Paradoxe banal que nous constatons chaque jour, qui nous intrigue et qui souvent en vient à nous décourager. L’État d’Israël, pour ne prendre pour commencer que cet exemple (mais il est possible d’en choisir un autre), développe sans cesse ses techniques, comme il nous semble normal, dans tous les domaines possibles de la connaissance, et par conséquent de la science, de la technique. Il est, à n’en pas douter, ce que nous appelons un État moderne, démocratique, très avancé et même pointu dans certains domaines de la recherche, maîtrisant sans doute la force nucléaire.
En même temps, les ultraorthodoxes juifs, lugubrement vêtus et chapeautés de noir, occupent, de plus en plus nombreux, des quartiers entiers de Jérusalem, absorbés dans la lecture incessante de la Torah, interdisant à leurs enfants toute autre étude, séparant les femmes des hommes dans les transports publics et affirmant que bientôt, lorsque le Messie depuis si longtemps attendu se manifestera, toutes les tombes du mont des Oliviers s’ouvriront pour laisser sortir les ressuscités.
Voilà ce qui m’a été dit, là-bas, l’année dernière encore, à plusieurs reprises, avec la plus tenace conviction. Les tombes s’ouvriront pour laisser sortir les ressuscités, et des milliers d’hommes et de femmes l’affirment. Et le croient. Ils cherchent à rapprocher les cimetières de la ville, pour que les morts soient plus près des vivants. Nous avons même vu, en 2014, dans plusieurs avions de la compagnie israélienne El Al, des passagers demander à être séparés des femmes, qui sont un danger pour l’âme, et, devant le refus du commandant de bord, s’obstiner à rester debout dans les couloirs, en chantant des psaumes.

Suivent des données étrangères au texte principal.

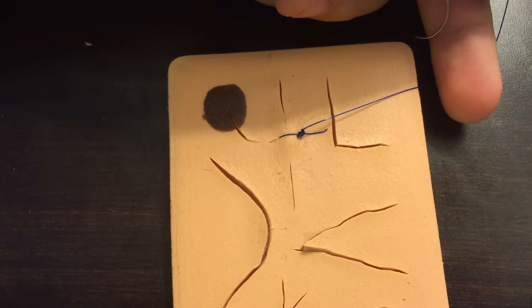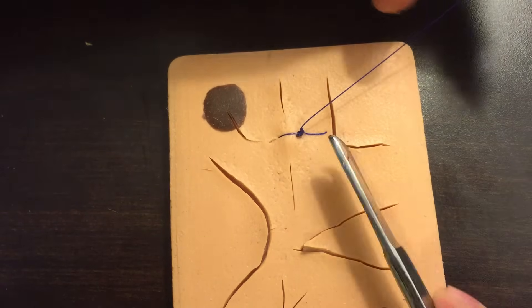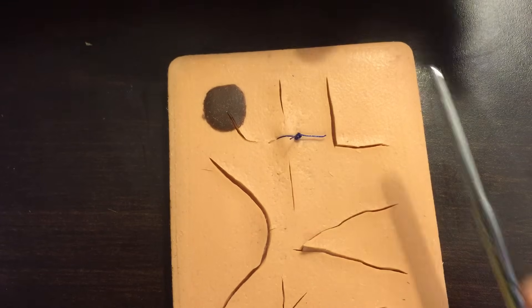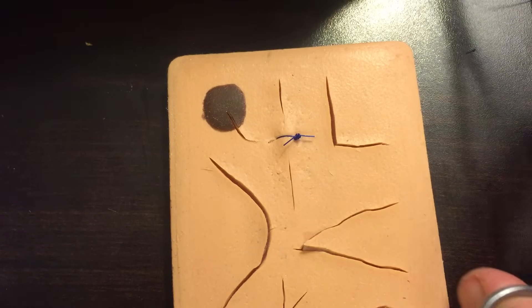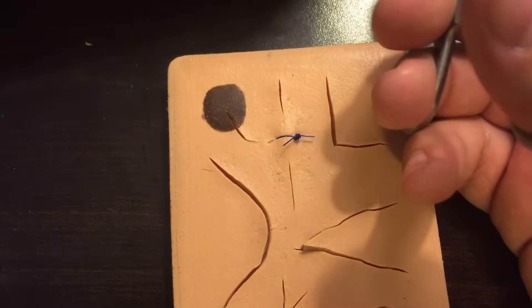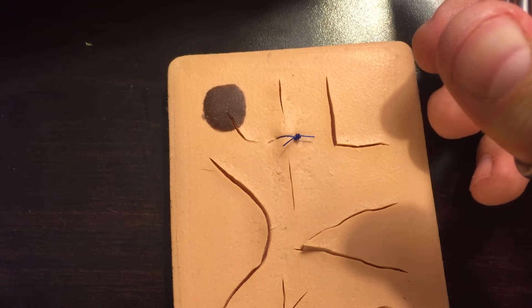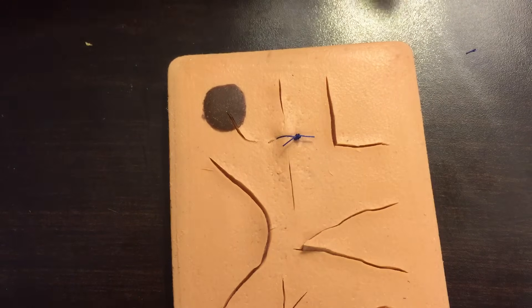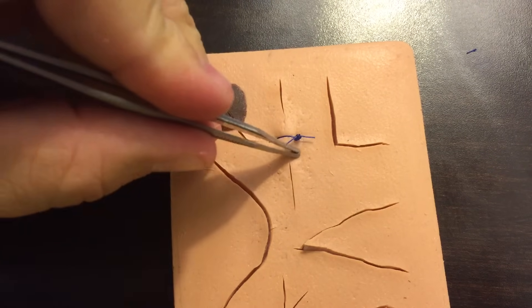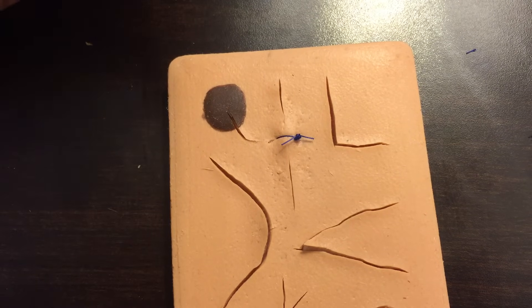Now cut the tail of the suture. There's no hard rule for how long to leave it — if you cut it too short you risk that last throw slipping out, but if it's too long it gets in the way of your next suture. You want it long enough to be secure, but not so long that it's bothersome when placing the next stitch.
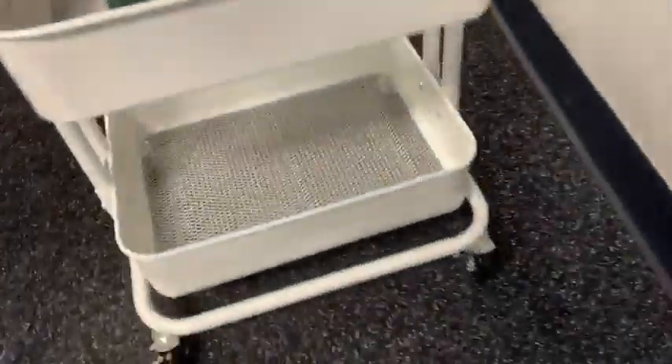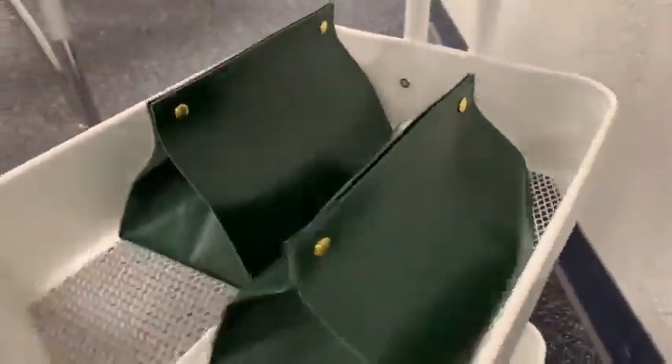The wheels lock as well if you choose for them to do that, and the trays are really strong. I really love how convenient this is.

Les chants, comme les prières, sont là pour accélérer la venue du tant souhaité, qui cependant se fait attendre. Même si tel ou tel messie, de temps en temps, est annoncé, aucune pierre tombale ne se soulève dans les collines. Et l’influence exercée par les habits noirs sur la politique d’Israël reste permanente, effective.
Au même moment de l’histoire, quelques pays musulmans, apparemment moins attachés aux performances techniques, semblent décidés à s’emprisonner de plus en plus étroitement dans un seul livre, déjà ancien, qu’ils tiennent pour unique possesseur de la vérité universelle (car ils le disent écrit sous la seule dictée de Dieu, par l’intermédiaire d’un archange) et dont ils ne veulent pas, ou ne peuvent pas, se détacher.
Aussi ces croyants-là, que nous appelons volontiers « intégristes », nous donnent-ils parfois l’impression de vouloir se maintenir, coûte que coûte, dans un monde fantomatique, un monde à jamais disparu, de renoncer à toute recherche nouvelle, à toute forme de curiosité.
Ils semblent par moments refuser jusqu’à la marche du temps (contre laquelle nous ne pouvons évidemment rien, et eux non plus) et s’expriment selon des modes de penser, de vivre ensemble et de prendre plaisir que tout autre bon sens, que toute autre raison, rejette.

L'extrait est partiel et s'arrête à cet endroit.